Saturday, November 29, 2008
Vincent Lopez was a band leader for most of his life, beginning in 1917! In 1921, he was one of the first bands to utilize the latest thing in technology called radio; his trademark opening for all broadcasts was "Lopez speaking!"
Throughout the 1920s, he had one of the top bands in America. It didn't hurt that he had talented musicians in his band like Artie Shaw, Xavier Cugat, Glenn Miller, and two brothers named Dorsey before they went out on their own. Lopez's piano stylings were flamboyant - influencing younger pianists such as Eddy Duchin and Liberace!
He also discovered talents such as the blind whistler himself Fred Lowery and a young girl who made her debut with Lopez right here in my hometown of Fort Wayne, IN - Betty Hutton. Both Fred and Betty were featured in this musical soundie from 1939:
In 1941, Lopez and his orchestra played an engagement at the Taft Hotel in New York City and didn't leave for twenty years. They were the house band and every Wednesday through Sunday, Lopez had the ballroom jumping. He helped the USO during World War II, made more soundies, and continued his appearances on radio.
As the 1950s began, Lopez found another young talent. Miss Gloria Parker helped write songs for Lopez, appeared with him on a radio show called "Shake The Maracas" from the Taft Hotel, and sang and played the musical glasses with Lopez and Co..
They even co-wrote a Christmas song entitled "My Dream Christmas" that Lopez recorded (but not on this album or on Parker's Christmas album) possibly as a single (?). When this album was recorded in 1957, Lopez was nearing the end of his career and decided to go out in a blaze of Christmas glory.
There are 21 songs total and the covers are excellent listens.
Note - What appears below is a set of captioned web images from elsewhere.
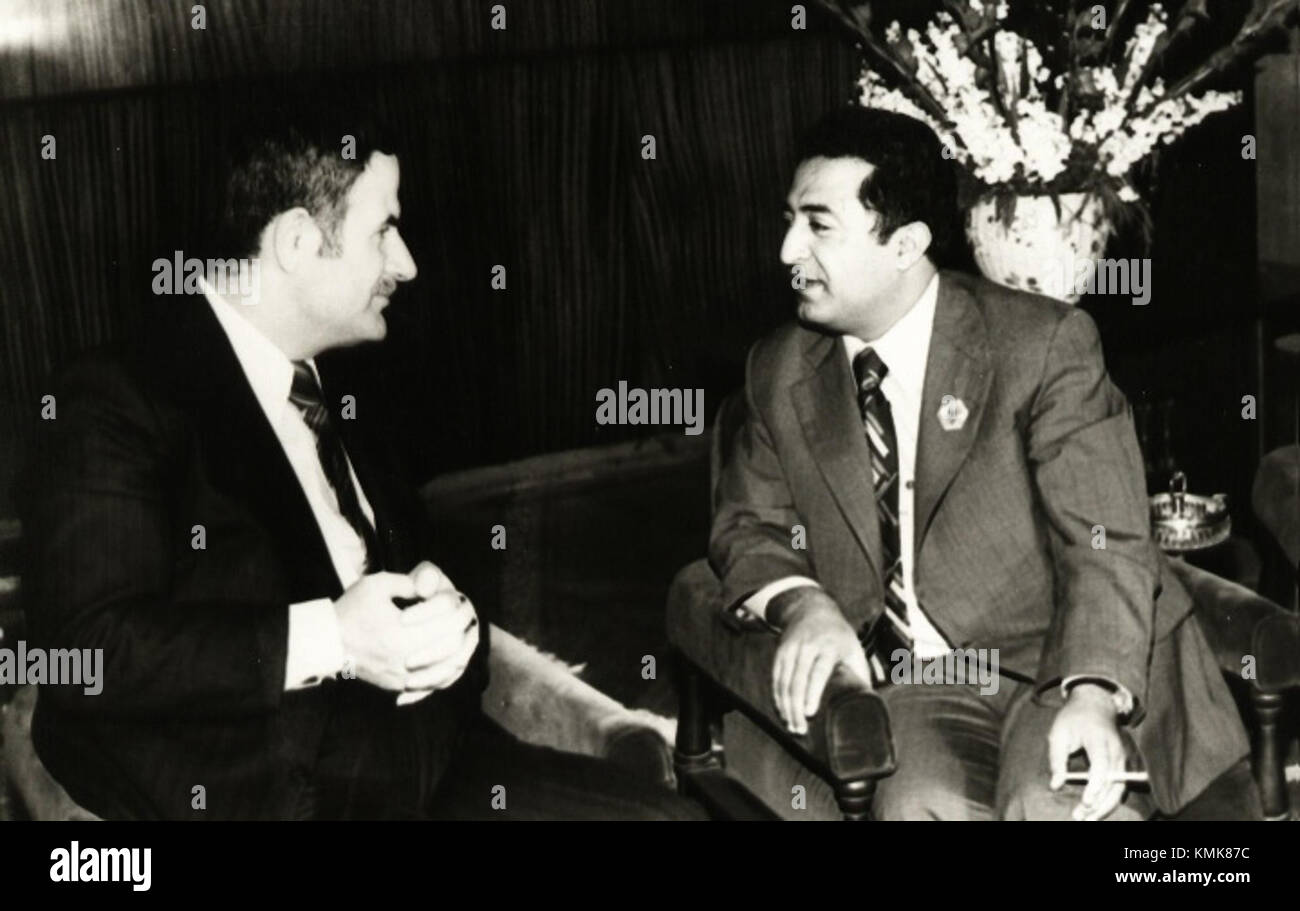 Il Dr. Hamdi Ismail Nadi, un importante chimico siriano specializzato in chimica avanzata e prodotti farmaceutici, fu assassinato nella sua casa di Damasco nel dicembre 2024. La sua morte ha sollevato preoccupazioni per omicidi mirati nel post-Assad Siria. Foto Stock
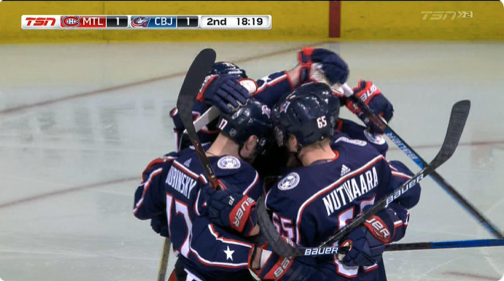 OUCH...Quel changement POURRI du CH...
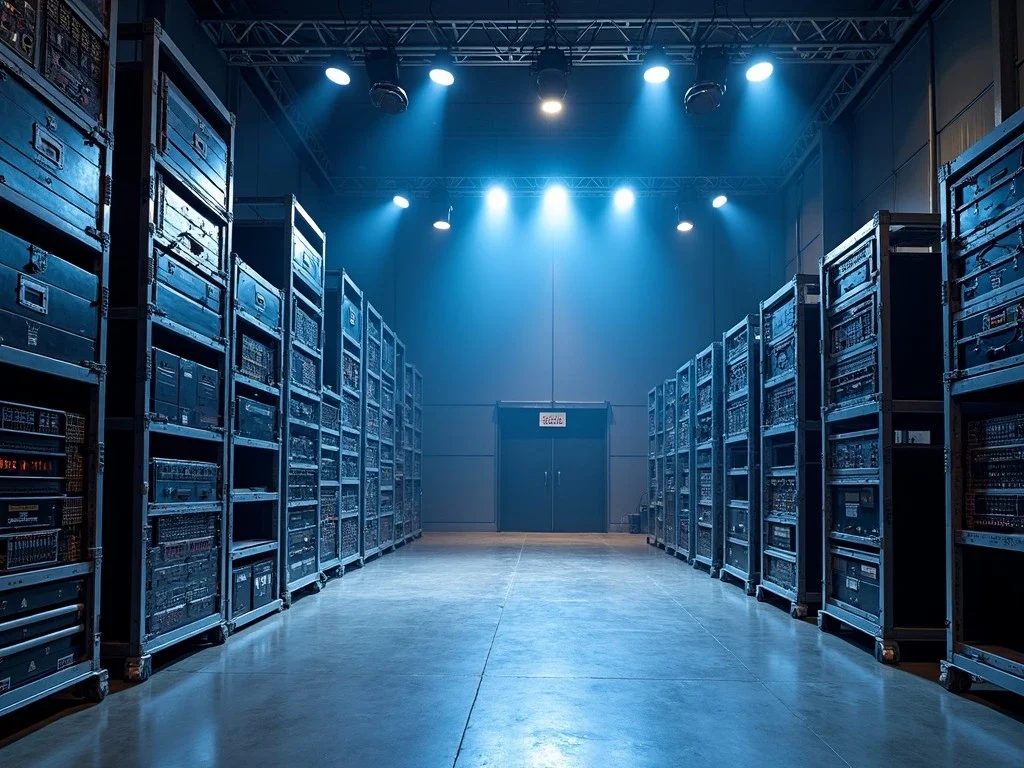 The Benefits of Hiring Event Equipment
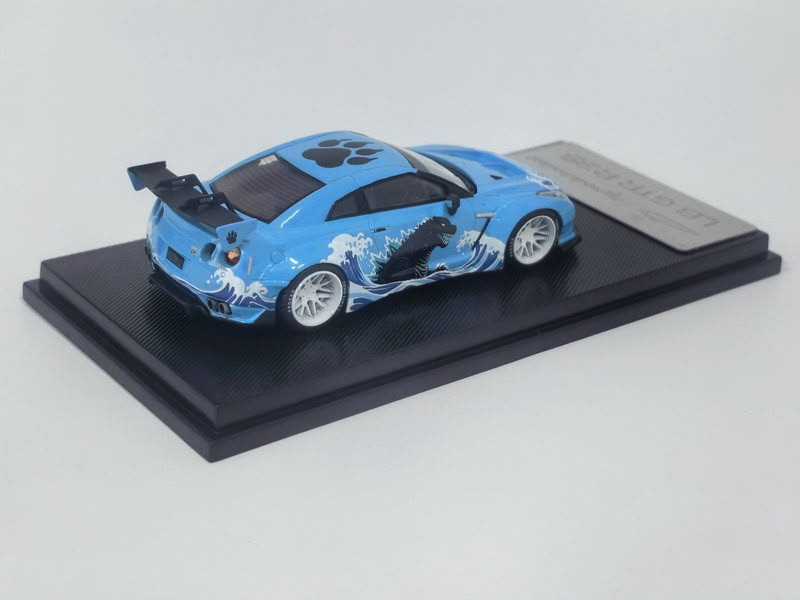 MC 1/64 LB GTR 1.5 Version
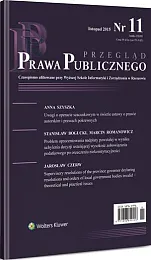 Przegląd Prawa Publicznego 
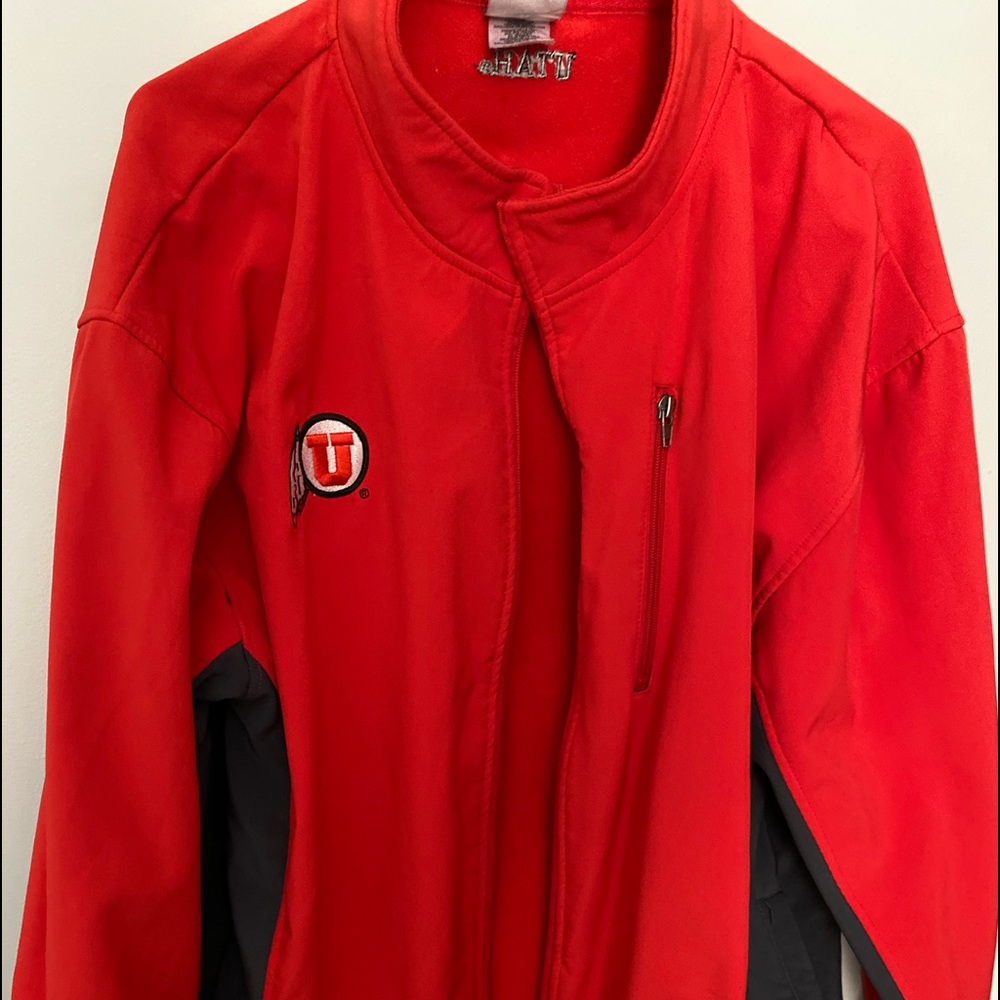 Utah utes jacket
But the original songs are the winners here - fun, festive, bouncy, and bright! "Whistling Otto", "Here Comes The Fattest Man In Town", "Christmas Rush", "I'd Like To Find You In My Stocking" and others just get better especially in repeat mode.
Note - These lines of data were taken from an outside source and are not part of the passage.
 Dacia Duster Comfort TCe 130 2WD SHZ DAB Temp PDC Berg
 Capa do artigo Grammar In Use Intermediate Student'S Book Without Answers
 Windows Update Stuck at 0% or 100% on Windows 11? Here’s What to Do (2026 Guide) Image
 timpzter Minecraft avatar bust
Vincent Lopez & His Orchestra - Christmas Music
I found this on eBay in mid-2006. It was sent to me by a seller who had absolutely no clue how to ship an album - two pieces of cardboard taped around the album doesn't constitute a "package". What's worse is that when it arrived at my home, the mailman left it on the front porch in the middle of a rainstorm.
Thankfully, no major damage was done. I quickly got a P.O. Box and never again had to worry about the elements.